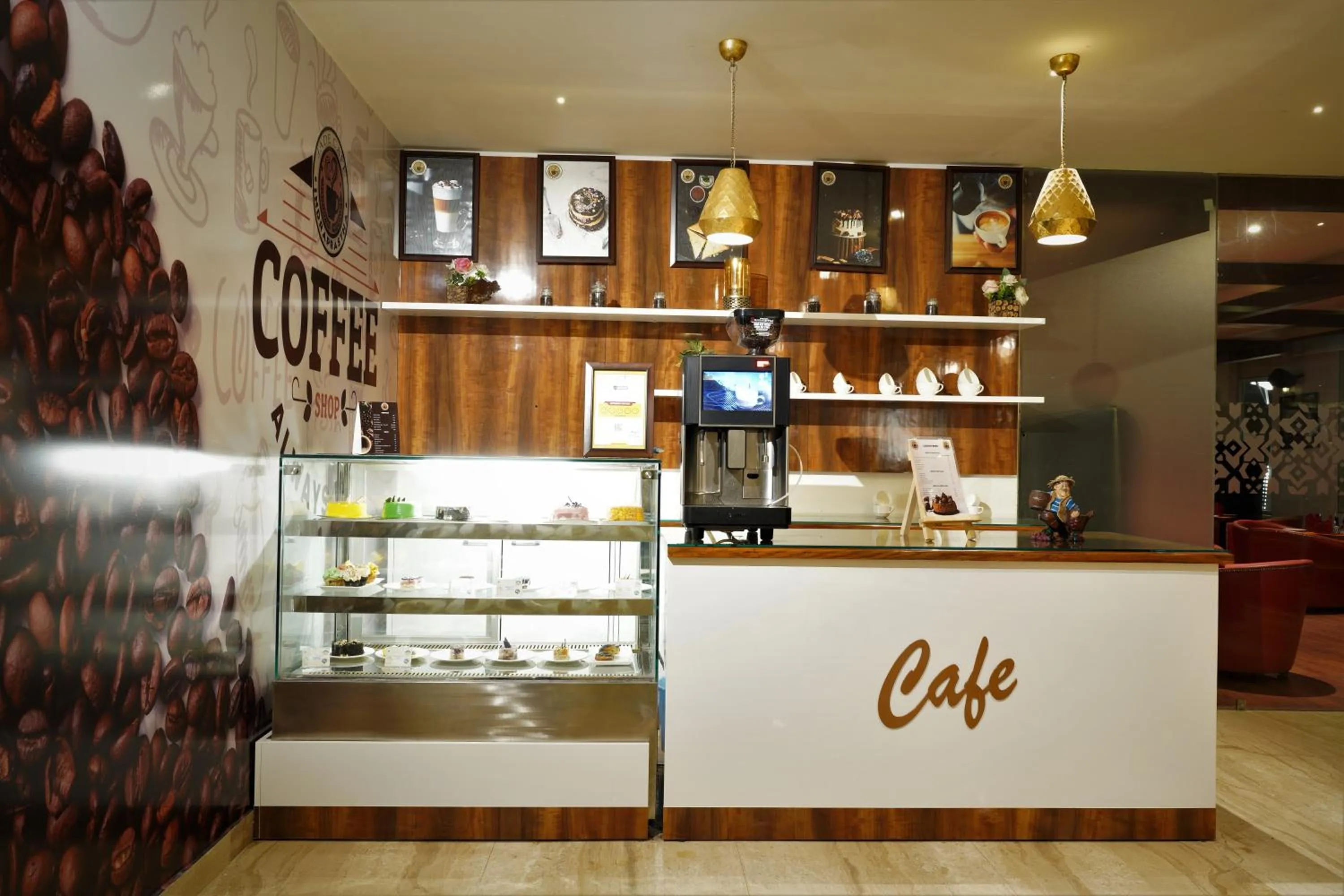 Food and drinks in Indraprastha Spa Resort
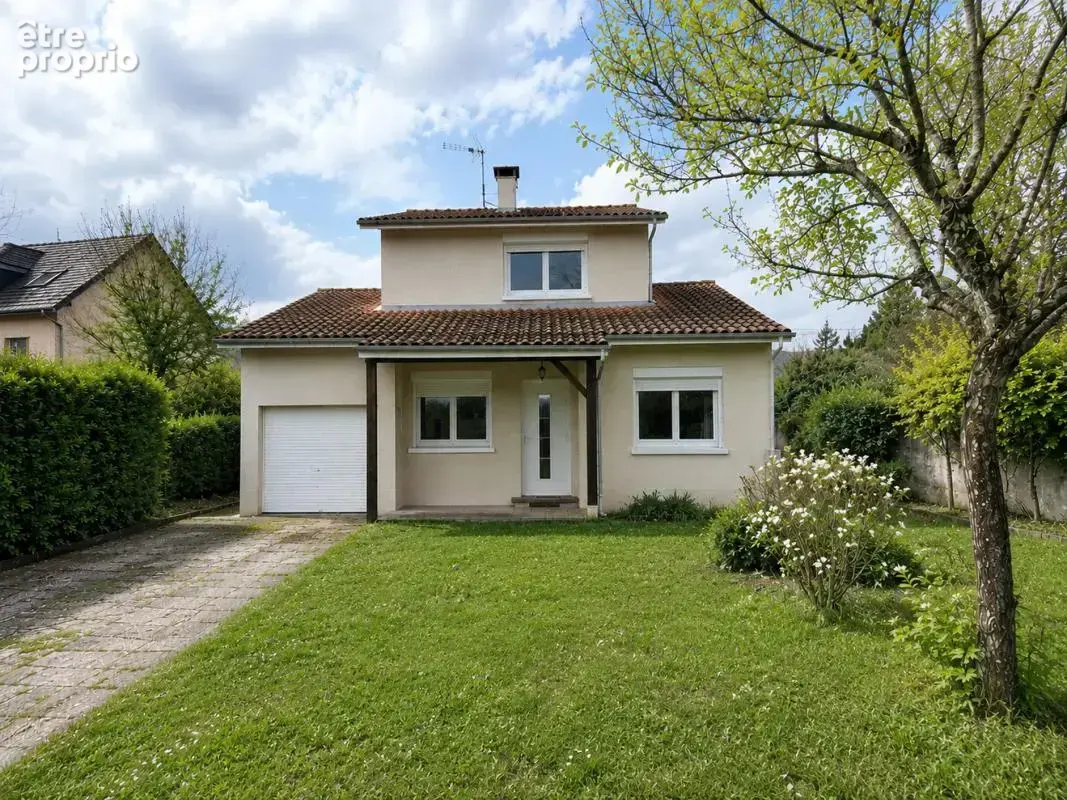 Maison à SAINT-EGREVE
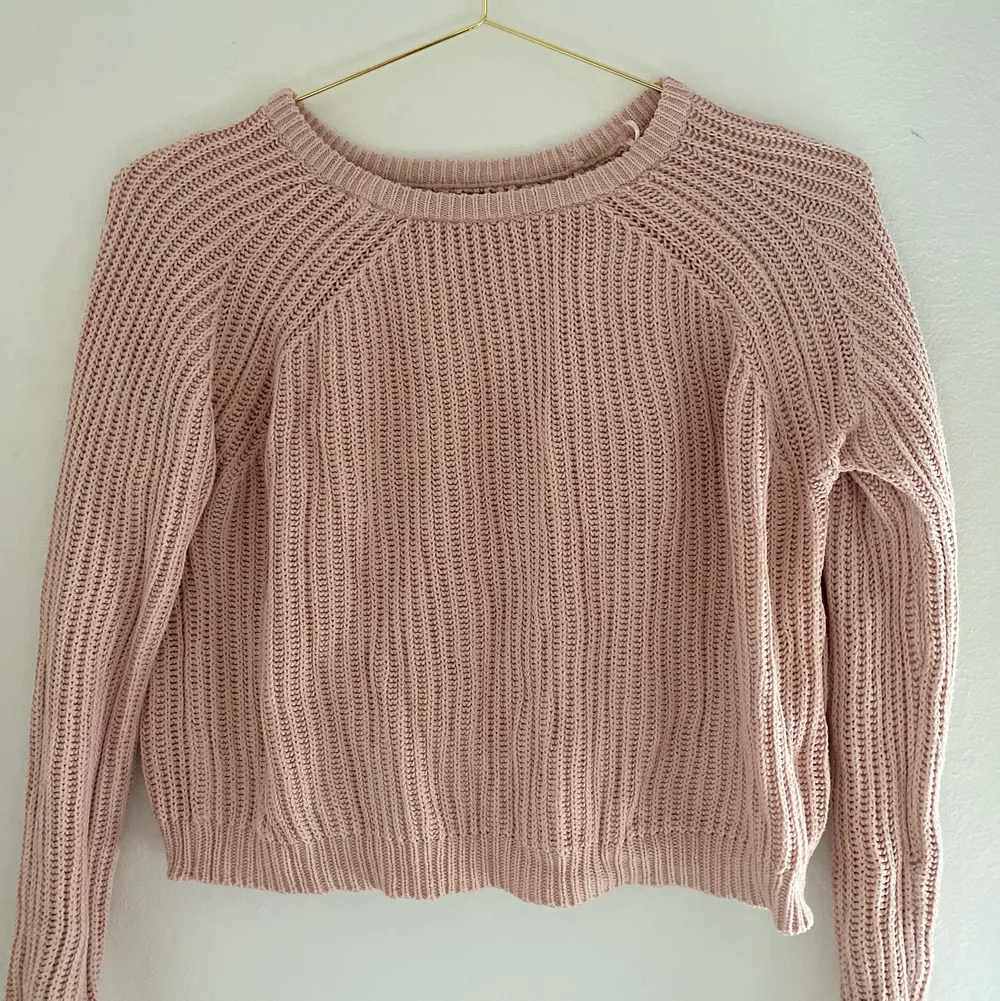 Fin rosa stickad tröja. Köpte den för några årsen och inte använt den på ett tag därav säljer jag den💕 . Stickat.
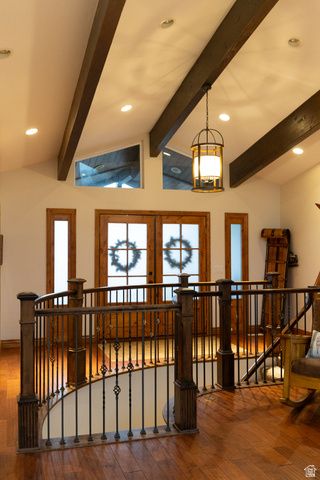 8867 S EASTHILLS DR, Sandy, UT 84093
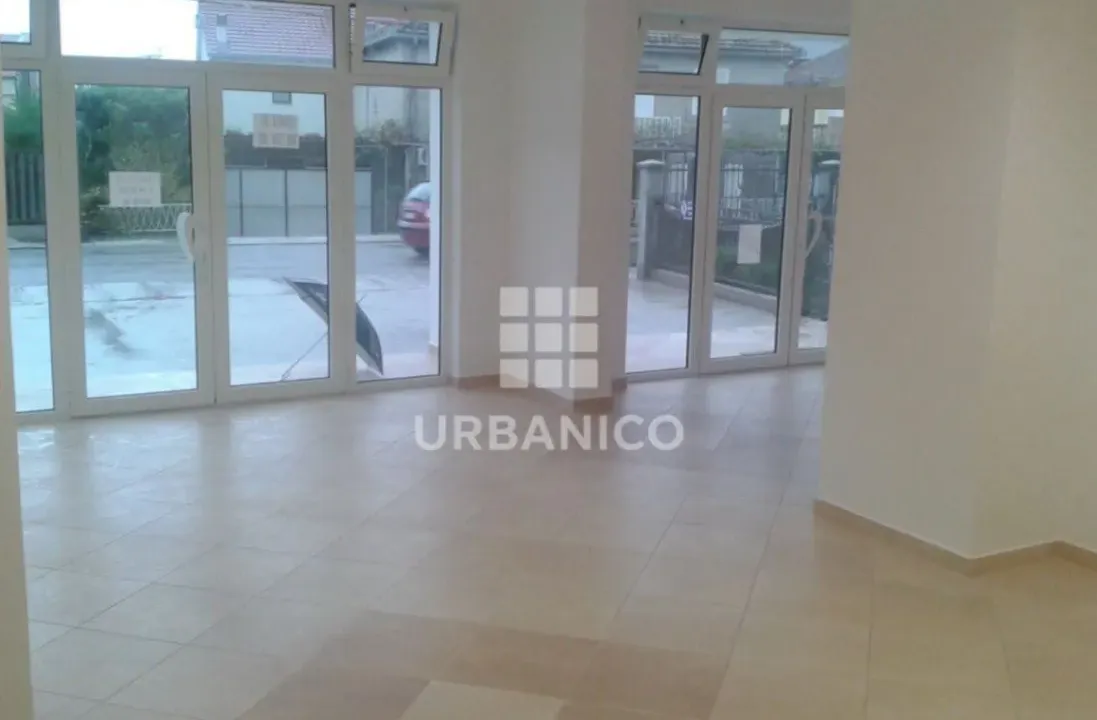 Izdavanje, poslovni prostor, 100m², Donja Lastva, Tivat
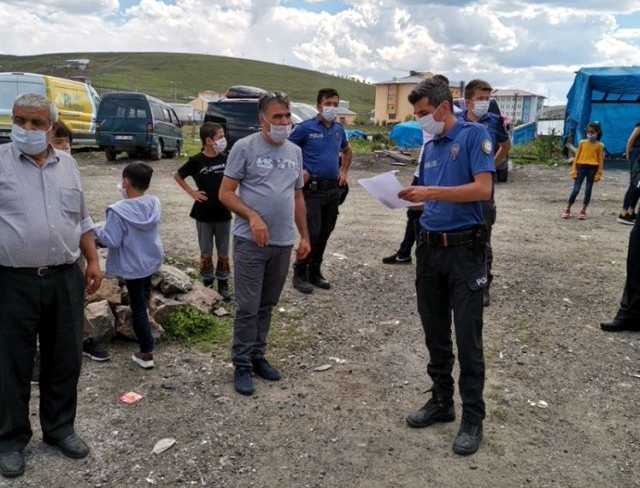 SOKAK DÜĞÜNÜNE KORONA BASKINI
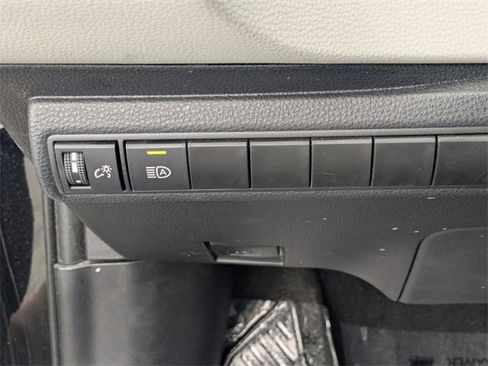 Used 2023 Toyota Corolla LE image 16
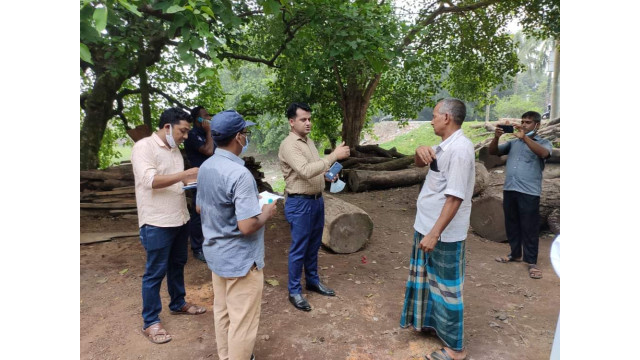 চাঁপাইনবাবগঞ্জে অবৈধ করাত কল ও রেস্টুরেন্টে ভ্রাম্যমান আদালতের জরিমানা
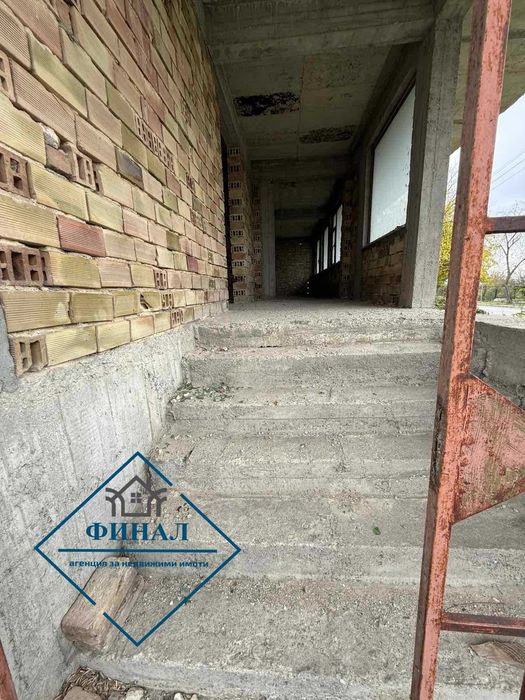 Продава се Промишлена сграда в с. Памукчии, Област Шумен - 813 кв.м за 189 €/кв.м - Снимка #4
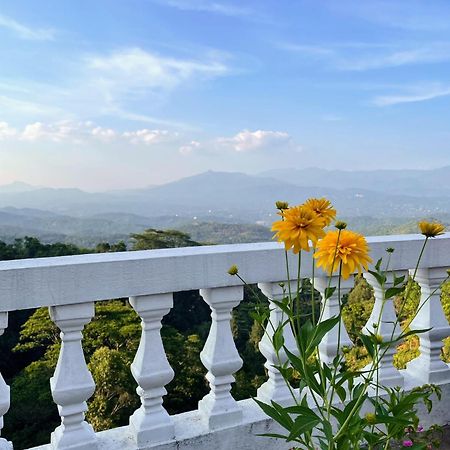 Bellwood Hills Resort & Spa Kandy Esterno foto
^^^^^^^^
Exact copies of all the entries are needed; output them without the pictures.

**Problem solution:**
 Food and drinks in Indraprastha Spa Resort
 Maison à SAINT-EGREVE
 Fin rosa stickad tröja. Köpte den för några årsen och inte använt den på ett tag därav säljer jag den💕 . Stickat.
 8867 S EASTHILLS DR, Sandy, UT 84093
 Izdavanje, poslovni prostor, 100m², Donja Lastva, Tivat
 SOKAK DÜĞÜNÜNE KORONA BASKINI
 Used 2023 Toyota Corolla LE image 16
 চাঁপাইনবাবগঞ্জে অবৈধ করাত কল ও রেস্টুরেন্টে ভ্রাম্যমান আদালতের জরিমানা
 Продава се Промишлена сграда в с. Памукчии, Област Шумен - 813 кв.м за 189 €/кв.м - Снимка #4
 Bellwood Hills Resort & Spa Kandy Esterno foto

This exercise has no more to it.